Unobtrusive iPads were cradled in silver docking ports where we could, if desired, browse away the time. A woman approached us with a basket of chocolates and I half-expected champagne to follow next. Within a few minutes, our number showed on the screen and we were ushered to a curvaceous white space. It was here that we met Ms. June Tai.
For the next hour or so, Ms Tai, tirelessly and quite joyfully, explained in detail all the things we needed to provide, the contractual arrangements on the paperwork and what would happen next. Her product knowledge of the suite of services was laudable, from savings and credit cards to mortgages, and if she did not know the answer to a question, she knew someone who did. I was so impressed I ended up opening a personal account too.
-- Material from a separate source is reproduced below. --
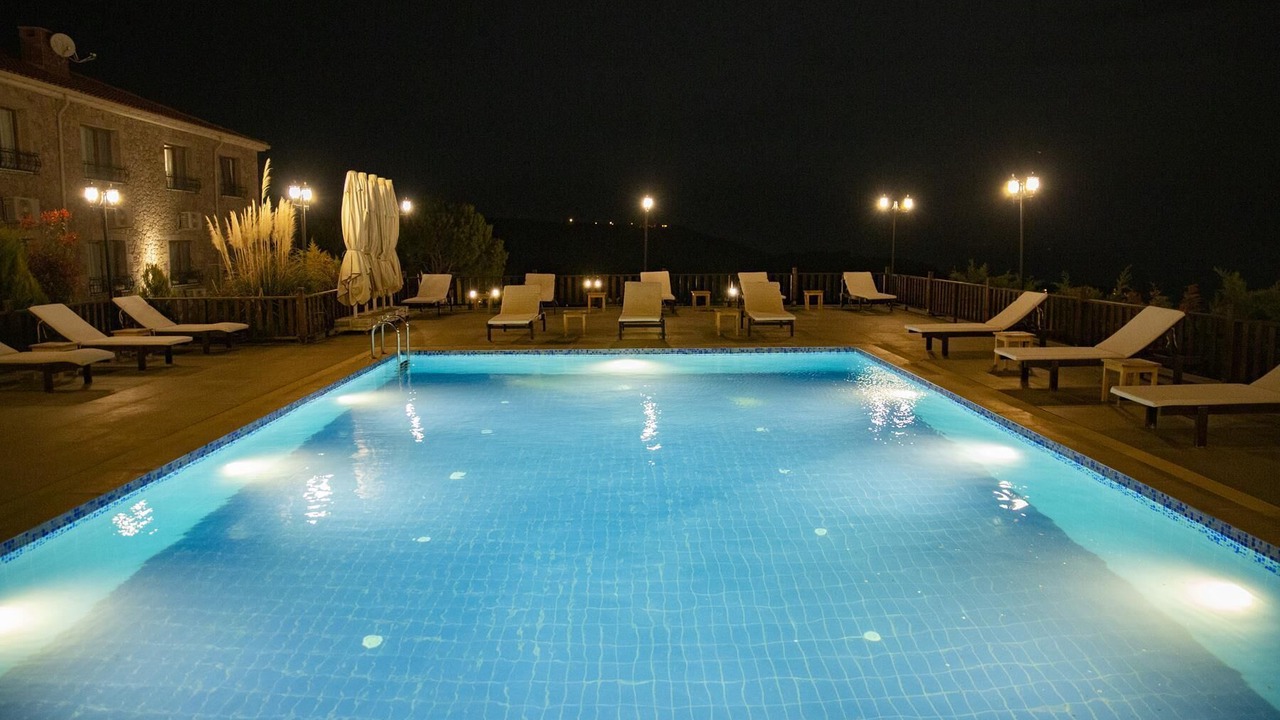 Photo of Outdoor in Ayvacik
She walked me to the DBS ATM to show me how to change the PIN on my new ATM card, shook my hand and said she would be in touch to let us know how our application had fared. True to her word, a few days later we received a call to say it had been successful and we would receive documentation in a couple of days. Which we did.
Go Beyond Satisfaction
Why do I tell you this story? Did I, or my business, play any direct part in the creation of this new way of delivering their service? No, although it was our first client when we set up in Singapore five years ago.
Is it to praise DBS for a job well done? In part. Is it because I was wowed by its customer experience? Indeed. However, what was more interesting to me, as a practitioner in the field of innovation and as someone who appreciates great design, is that this type of experience is in fact so rare.
How often, particularly in a business-to-business context, and in a bank for that matter, do you walk away thinking and feeling that you have had a beyond-great customer experience? That’s service innovation — across every conceivable touch point and customer interaction, down to the smallest detail.
In a world of growing commoditisation, where one product is seemingly no different from any other in its category and the complex interplay of low- and high-tech communication channels — paper, computer, mobile, physical space — how organisations focus on offering a seamless service that goes beyond mere satisfaction to one of delight and surprise will become an area of increasing competitive advantage.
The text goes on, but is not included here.